**PROVIDED DATA**

———

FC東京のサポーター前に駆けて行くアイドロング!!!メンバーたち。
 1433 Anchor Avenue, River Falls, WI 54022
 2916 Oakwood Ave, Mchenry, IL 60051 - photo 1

———

Return the data in its entirety, exactly as given.

**SOLUTION TO THIS TASK**
FC東京のサポーター前に駆けて行くアイドロング!!!メンバーたち。
 1433 Anchor Avenue, River Falls, WI 54022
 2916 Oakwood Ave, Mchenry, IL 60051 - photo 1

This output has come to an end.